Memory Complexity of adding consumers

I’ve read the Scalability document: https://mediasoup.org/documentation/v3/scalability/. As a constraint I’m only pertaining to One-To-Many section described in the document, and my question assumes that there is only one producer.

The Document Reads:
“If there are more than 200-300 viewers (so 400-600 consumers), the capabilities of a single mediasoup router could be exceeded.”

From what I understand, this clearly explains the compute - CPU - limits of a router, since by definition a router runs on one worker, which is tied to one core (I’m not sure if that’s in terms of CPU affinity or in terms of path of execution, that does not concern my question though). Also as discussed in this amazing thread: Preferentially optimize latency while broadcasting

The immediate question that comes to my mind is “What about memory scalability?”. That is, If I want to use a mediasoup router to its optimal capacity - say 150, considering 200 is borderish - what would be the amount of memory required in terms of the number of viewers of that stream?

Phrased in other words. If I know the amount of RAM - say “m” - used in a meeting:

  • with one producer endpoint having a send only transport , streaming audio and video.
  • with 30 consumer endpoints having receive only transport.

Can I safely assume that the amount of memory used by the router after adding 30 more participants would be of the order of “2m”?

I’m saying this because mediasoup does not do any decoding it just forwards - clones sort of - incoming RTP packets to all relevant consumers. So for N consumers, N copies.
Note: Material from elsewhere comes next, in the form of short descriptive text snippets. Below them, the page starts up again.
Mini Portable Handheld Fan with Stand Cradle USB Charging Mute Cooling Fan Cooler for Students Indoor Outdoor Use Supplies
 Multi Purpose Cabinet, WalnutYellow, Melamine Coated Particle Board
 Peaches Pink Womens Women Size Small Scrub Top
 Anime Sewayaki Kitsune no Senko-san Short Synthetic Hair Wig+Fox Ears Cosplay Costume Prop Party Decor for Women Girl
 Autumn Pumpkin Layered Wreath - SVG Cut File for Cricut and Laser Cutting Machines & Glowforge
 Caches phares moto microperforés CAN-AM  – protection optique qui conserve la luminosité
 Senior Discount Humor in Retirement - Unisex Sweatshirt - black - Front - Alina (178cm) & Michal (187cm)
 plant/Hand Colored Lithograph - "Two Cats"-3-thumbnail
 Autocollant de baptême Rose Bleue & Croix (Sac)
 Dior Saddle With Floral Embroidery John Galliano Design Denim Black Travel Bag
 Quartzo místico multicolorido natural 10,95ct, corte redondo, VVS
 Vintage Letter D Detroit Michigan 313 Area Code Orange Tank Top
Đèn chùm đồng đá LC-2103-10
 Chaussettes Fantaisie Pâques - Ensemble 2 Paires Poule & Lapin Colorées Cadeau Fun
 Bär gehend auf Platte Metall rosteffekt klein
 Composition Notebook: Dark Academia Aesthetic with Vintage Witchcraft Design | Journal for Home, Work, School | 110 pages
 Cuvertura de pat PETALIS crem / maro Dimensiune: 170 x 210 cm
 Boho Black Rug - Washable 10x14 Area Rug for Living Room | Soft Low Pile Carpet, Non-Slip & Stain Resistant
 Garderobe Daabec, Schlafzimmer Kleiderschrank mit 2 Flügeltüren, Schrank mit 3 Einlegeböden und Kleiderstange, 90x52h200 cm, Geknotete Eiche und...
So linear memory complexity in a sense.

I would love to be corrected in case there are inaccuracies in my understanding.

Thanks :+1:

Each video Consumer holds a vector of 600 entries of StorageItem (see RtpStreamSend.hpp definition). Each StorageItem holds this:

struct StorageItem
{
	// Cloned packet.
	RTC::RtpPacket* packet{ nullptr };
	// Memory to hold the cloned packet (with extra space for RTX encoding).
	uint8_t store[RTC::MtuSize + 100];
	// Last time this packet was resent.
	uint64_t resentAtMs{ 0u };
	// Number of times this packet was resent.
	uint8_t sentTimes{ 0u };
	// Whether the packet has been already RTX encoded.
	bool rtxEncoded{ false };
};

The store field takes 1600 bytes, so each StorageItem takes 4 + 1600 + 1 + 4 + 1 + 1 =~ 1611 bytes. So each video Consumer takes 1611 * 600 ~= 966,600 bytes. So 200 Consumers mean ~193 Mbytes.

3 Likes

This is AWESOME!! :star_struck:

Thank you for the amazing answer. :+1:

Is the size the same for audio consumers as well? I don’t see any audio stream specific code here so it should be.

Also, I would like to contribute to the scalability docs and add this section there, I think adding memory complexity would be great.

No, there is no RTP retransmission buffer for audio consumers, so empty array.

1 Like